After you figure out the control part, you need to address the actual audio switching. You will not have success with cleanly switching audio signals with BJT transistors. A BJT acts like a current-controlled current source (with some current gain, the Hfe of the transistor). They won't work in this application.
You might have success with FETs. A FET acts as a voltage-controlled variable resistance. In this way, it can act as a switch for analog signals. Even easier, get some variation of an "analog switch" or "analog mux" IC, such as 4053, 4052, 4066, etc (different prefixes based on manufacturer: CD4066, 74HC4066 etc). These package up FETs along with the appropriate circuitry to drive them, and accept digital logic inputs to control everything. In either case, you need to realize that the FET isn't perfect, and its resistance will vary with the signal level. This will cause distortion, unless you take care to design out the effect of this variable resistance. In general, all that is needed is a low source impedance to drive the input of the FETs, and a high load impedance on the other side. Then the variation of resistance in the FET has virtually no effect on the signal level. This means, buffer each input with an op-amp as a unity gain follower, and send the outputs of those to the inputs of the analog MUX IC (or discrete FETs if you choose). The output of the MUX/FETs should then connect to another opamp as a unity gain follower. You'll want to AC couple (DC block) at some point too, as some offset is likely to be introduced.
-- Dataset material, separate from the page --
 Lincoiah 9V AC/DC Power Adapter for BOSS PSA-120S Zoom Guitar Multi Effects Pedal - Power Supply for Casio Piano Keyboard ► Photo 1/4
The above is OK if you want a completely solid-state solution. I'd personally be tempted to use relays since they will negate the requirement for the additional opamps, and will have much less crosstalk. If looking at relays, be absolutely certain to use signal relays, (a.k.a. telecom relays), not power relays. They really are different, and a power relay will end up making bad connections after a while, if used for small signals.